** Information shown follows **

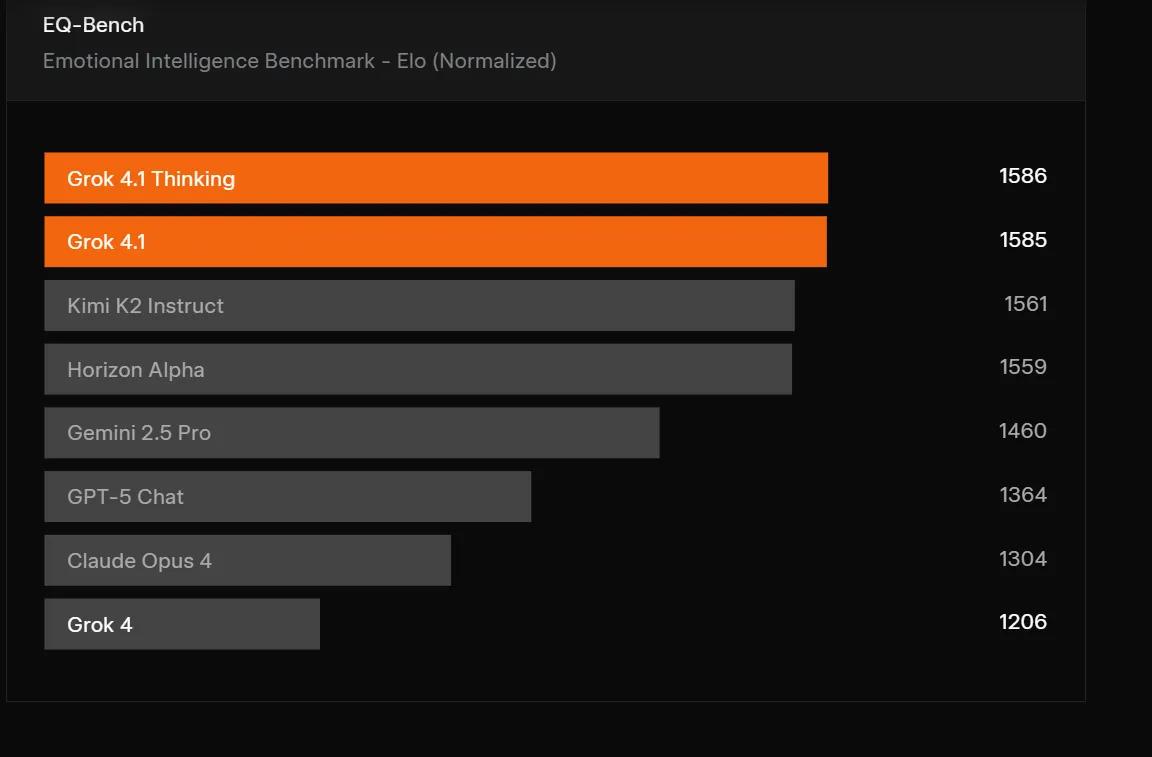 Grok 4.1 против ChatGPT: битва титанов искусственного интеллекта начинается картинка Grok 4.1 против ChatGPT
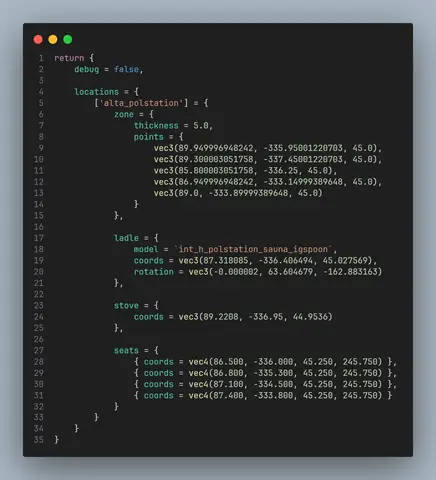 Preview of Sauna Script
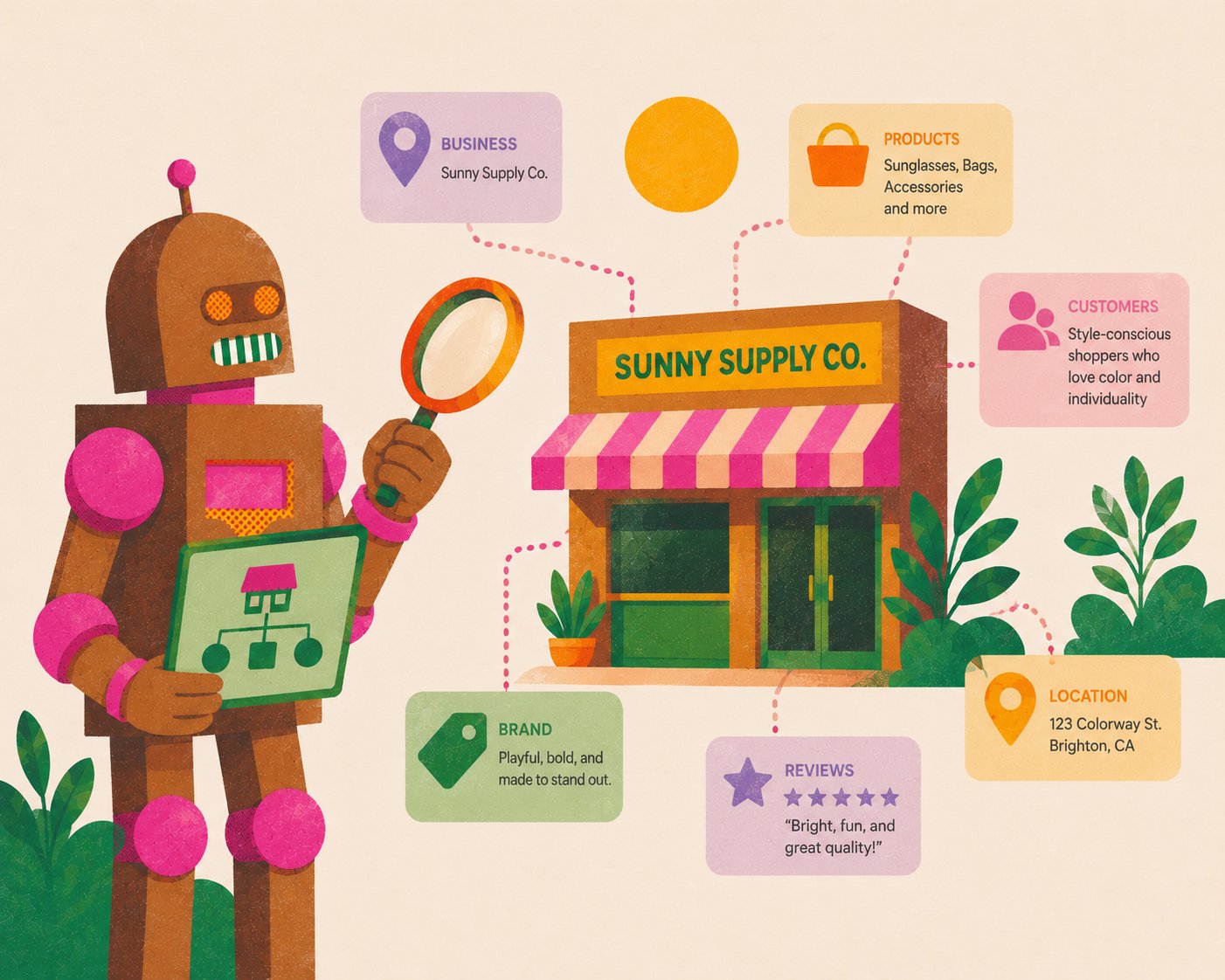 An illustration of a robot using a magnifying glass to map the entity signals around a small shop called Sunny Supply Co. Business name, products, customers, brand, reviews and location are all annotated as connected entities.
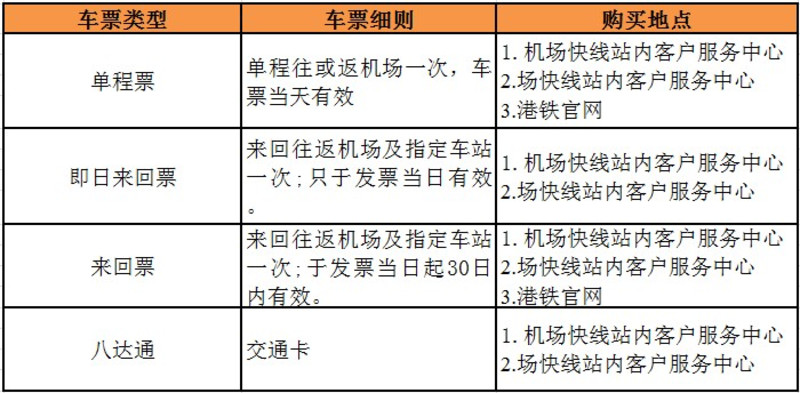 香港地铁全攻略，教你怎么快速前往机场、迪士尼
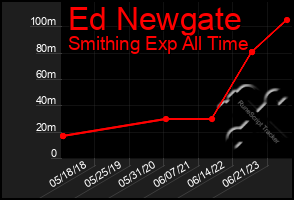 Total Graph of Ed Newgate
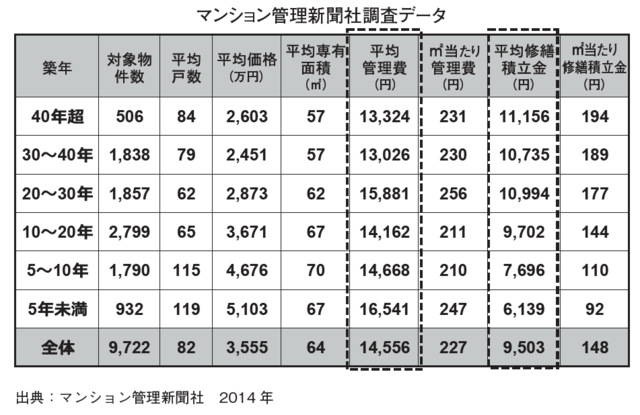 マンションの 長期修繕計画 は何年ごとに見直すべきか 富裕層向け資産防衛メディア 幻冬舎ゴールドオンライン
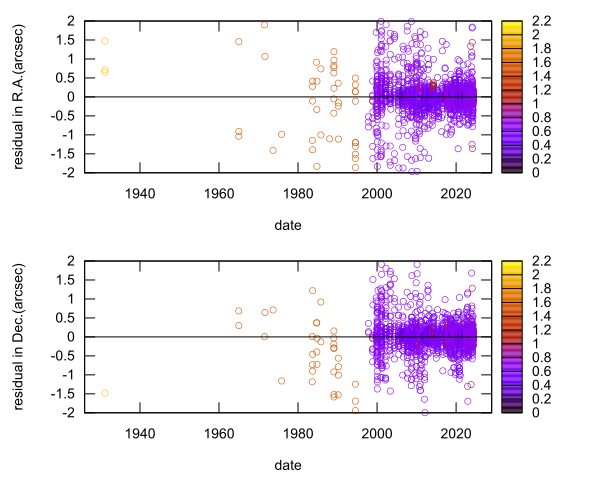 residual plot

** End of Information shown **

→ **Requirement**:
Output all of the data exactly. Skip the pictures.

→ **Task output**:
 Grok 4.1 против ChatGPT: битва титанов искусственного интеллекта начинается картинка Grok 4.1 против ChatGPT
 Preview of Sauna Script
 An illustration of a robot using a magnifying glass to map the entity signals around a small shop called Sunny Supply Co. Business name, products, customers, brand, reviews and location are all annotated as connected entities.
 香港地铁全攻略，教你怎么快速前往机场、迪士尼
 Total Graph of Ed Newgate
 マンションの 長期修繕計画 は何年ごとに見直すべきか 富裕層向け資産防衛メディア 幻冬舎ゴールドオンライン
 residual plot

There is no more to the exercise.